Let's explore the fishermen mercury dataset

We are going to explore a dataset called the fishermen mercury dataset, which consists of factors related to mercury exposure among two groups: fishermen and non-fishermen, who are our control group.

Take a look at the readme for this dataset first: README

Then use glimpse to take a look at the structure of the data and try table() on fisherman. What are the different categories of fishpart and fisherman?

Now use table() as part of a pipe to look at the cross-table of fisherman and fishpart. Are fishermen more likely to eat more whole fish than non-fishermen?

*** =instructions

glimpse() the data, create a table for fisherman and a crosstable of fishermanxfishpart.

*** =hint

*** =pre_exercise_code

library(readr)
library(dplyr)
library(ggplot2)
library(broom)

fishdata <- read_csv("http://s3.amazonaws.com/assets.datacamp.com/production/course_3864/datasets/fisherman_mercury_modified.csv")
fishdata$fisherman <- factor(fishdata$fisherman)

*** =sample_code

glimpse(fishdata)

fishdata %>% select(___) %>% table()

fishdata %>% select(___,___) %>% table()

*** =solution

glimpse(fishdata)

fishdata %>% select(fisherman) %>% table()

fishdata %>% select(fisherman,fishpart) %>% table()

*** =sct

ex() %>% check_function('table',index=2) %>% check_result() %>% check_equal()
ex() %>% check_function('select') %>% check_result() %>% check_equal()

success_msg("Nice tabling!")

--- type:NormalExercise lang:r xp:100 skills:1 key:80227d57fb

Visualize Mean of Total Mercury by Fisherman Status

Let's visualize mean total_mercury (total mercury) by fisherman status to see whether there is a difference between them.

*** =instructions

Use geom_boxplot() to visualize the median of total_mercury conditioned on fisherman status (if you can't remember, here's the exercise).
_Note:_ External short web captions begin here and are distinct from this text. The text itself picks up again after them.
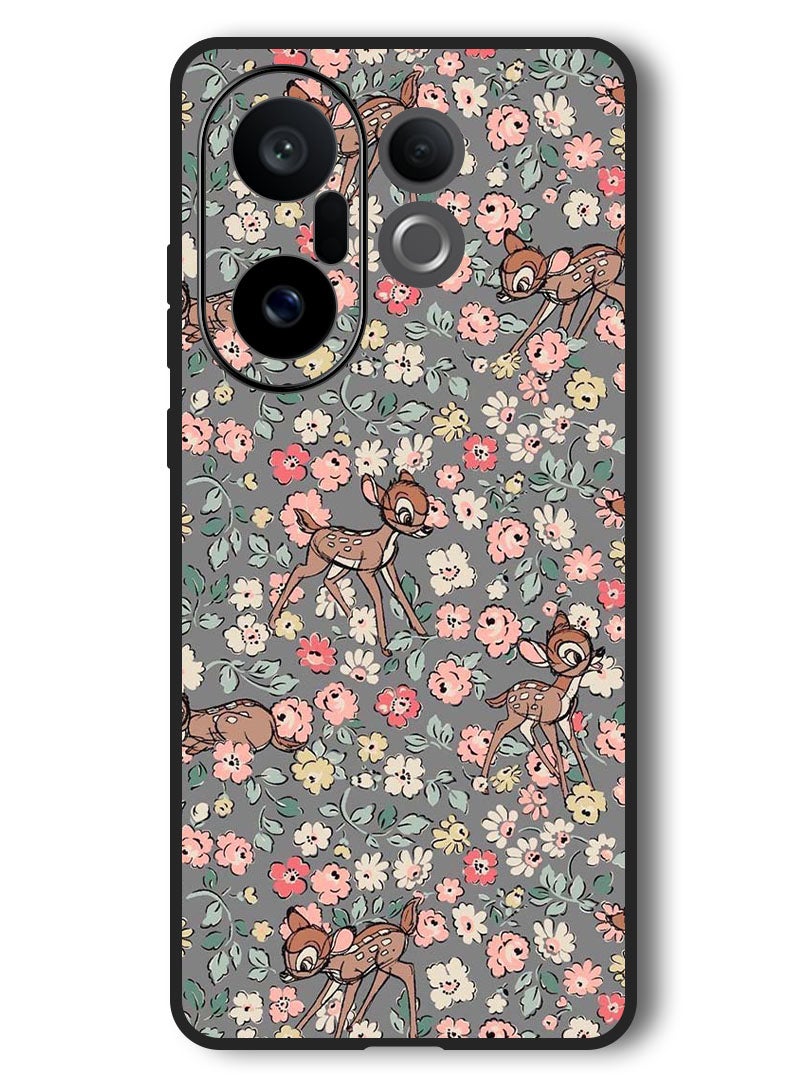 Theodor Case Compatible with Vivo X200 FE 6.31 Inch Protection Shockproof Bumper Cover Deer Pattern - Image 1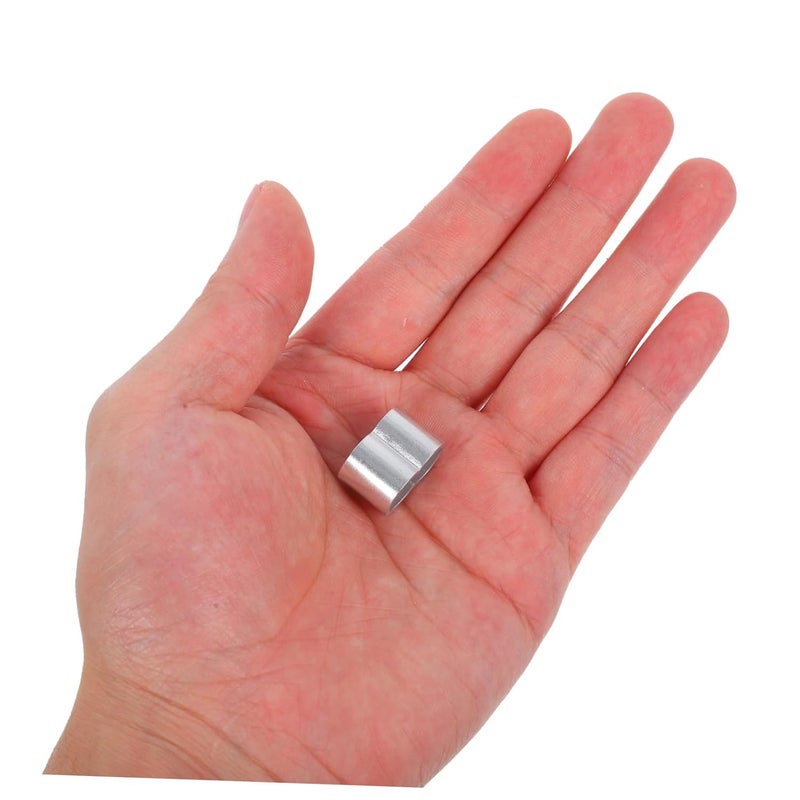 Uonlytech 25pcs Aluminum Crimping Loop Sleeves Durable Thin Wall Wire Rope End Sleeves for Secure Connections Outdoor Sports Camping and Travel Reliable Elastic Rope Protection - Image 3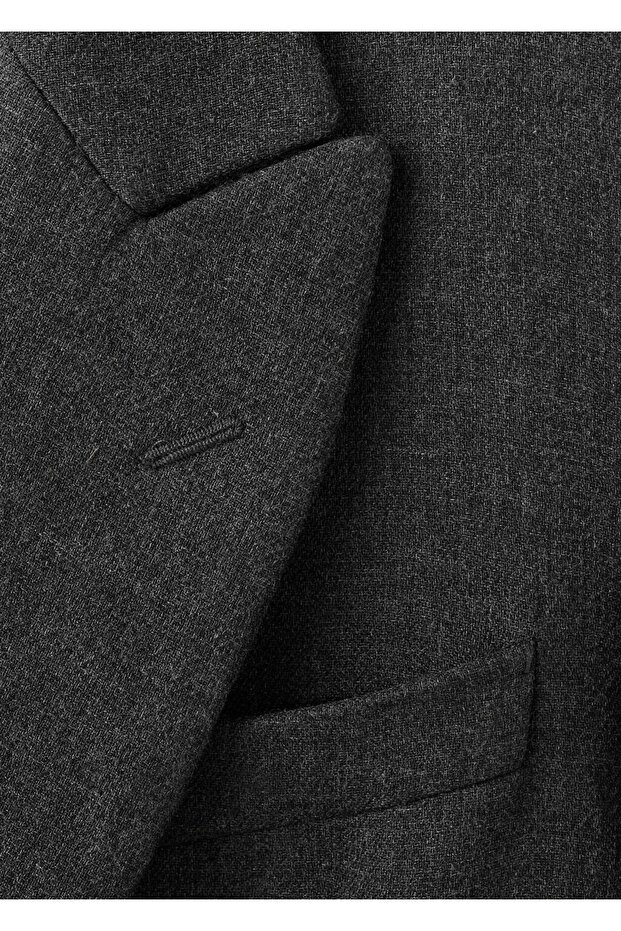 Çift düğmeli uzun palto - 7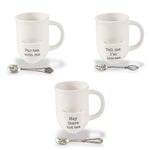 Mud Pie, Home - Serving,  Mud Pie - Tea Pouch Mug Set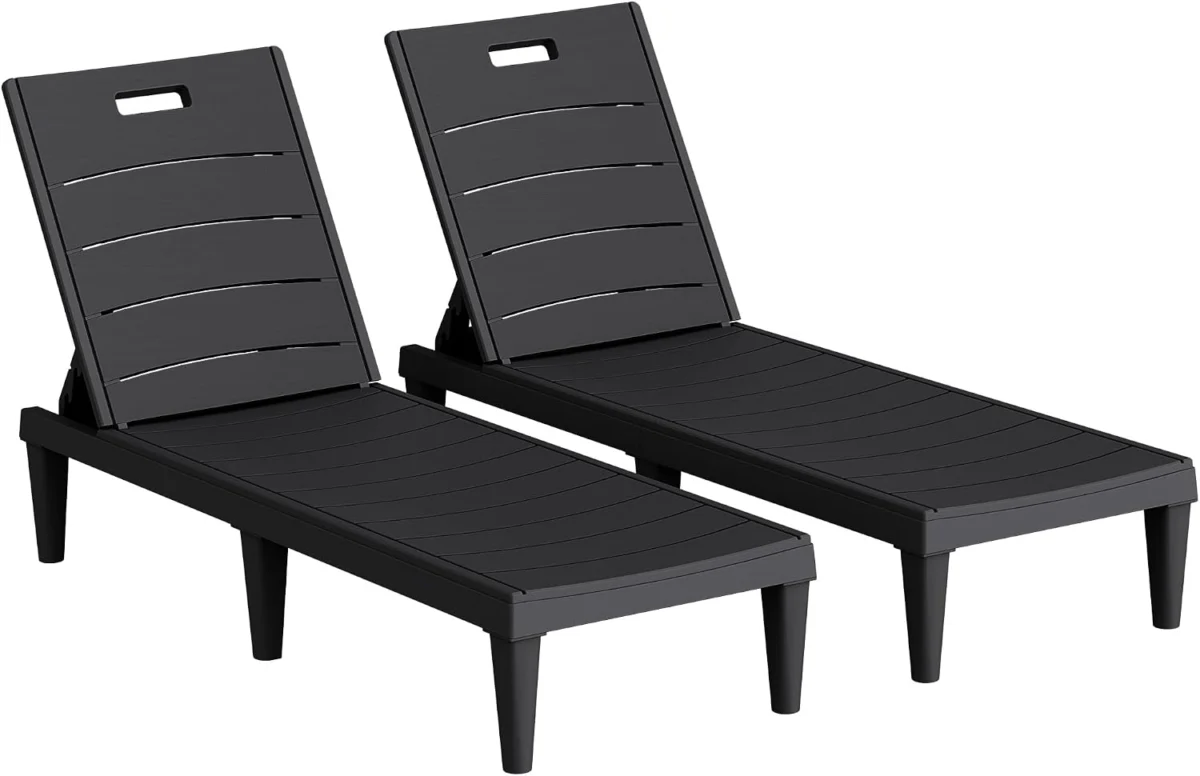 Homall Patio Chaise Lounge Chairs Only $79.xx (Reg. $110) at Amazon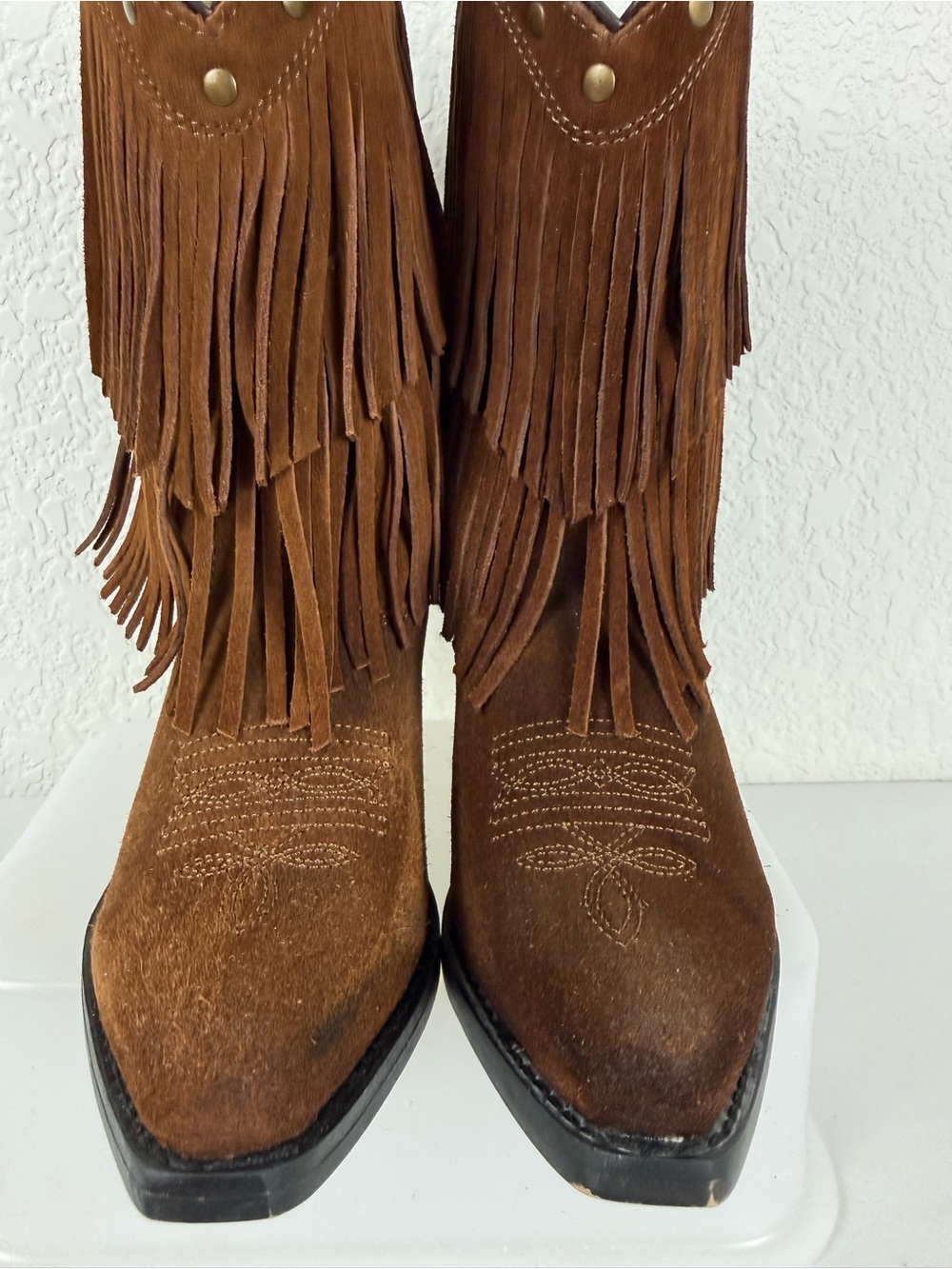 Shyanne | Brown Fringe Western Boots | Girls 2D | Snip Toe | Style 43514 - Picture 10 of 14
Make sure to cast fisherman as a factor.

We can add the mean as a point using stat_summary to see how the mean differs from the median.

*** =hint

*** =pre_exercise_code

library(readr)
library(dplyr)
library(ggplot2)
library(broom)

fishdata <- read_csv("http://s3.amazonaws.com/assets.datacamp.com/production/course_3864/datasets/fisherman_mercury_modified.csv")
fishdata$fisherman <- factor(fishdata$fisherman)

*** =sample_code

#plot total_mercury here
ggplot(fishdata,aes(x=___,y=___)) + geom_boxplot() +
  stat_summary(fun.y="mean",geom="point",pch=3,color="red")

*** =solution

ggplot(fishdata, aes(x=fisherman, y=total_mercury)) + geom_boxplot() +
  stat_summary(fun.y="mean",geom="point",pch=3,color="red")

*** =sct

test_ggplot()
success_msg("Beautiful plot!")

--- type:NormalExercise lang:r xp:100 skills:1 key:296da9c0f4

Compute Means with group_by

We can also use group_by and summarize to explicitly compute the means and standard deviations for each fisherman group.

*** =instructions

Use group_by in the dplyr package to group the data frame by fisherman status, and use summarize to obtain the mean and standard deviation of total_mercury for each group.

*** =hint

*** =pre_exercise_code

library(readr)
library(dplyr)
library(ggplot2)
library(broom)

fishdata <- read_csv("http://s3.amazonaws.com/assets.datacamp.com/production/course_3864/datasets/fisherman_mercury_modified.csv")
fishdata$fisherman <- factor(fishdata$fisherman)

*** =sample_code

fishdata%>%
    group_by()%>%
    summarize(  mean_total_mercury = , 
                sd_total_mercury = )

*** =solution

fishdata%>%group_by(fisherman)%>%summarize(mean_total_mercury = mean(total_mercury), sd_total_mercury = sd(total_mercury))

*** =sct

ex() %>% check_function('group_by') %>% check_result() %>% check_equal()
ex() %>% check_function('summarize') %>% check_result() %>% check_equal()
success_msg("Excellent summarization!")

--- type:MultipleChoiceExercise lang:r xp:50 skills:1 key:6e3730d99d

Is there a difference?

Is there a difference between the two groups: fishermen and non-fishermen?

*** =instructions

*** =hint

*** =pre_exercise_code

library(readr)
library(dplyr)
library(ggplot2)
library(broom)

fishdata <- read_csv("http://s3.amazonaws.com/assets.datacamp.com/production/course_3864/datasets/fisherman_mercury_modified.csv")
ggplot(fishdata, aes(x=factor(fisherman), y=total_mercury)) + geom_boxplot() +
  stat_summary(fun.y="mean",geom="point",pch=3,color="red")

*** =sct

test_mc(correct=2)
success_msg("That's right, fisherman seem to have higher total mercury")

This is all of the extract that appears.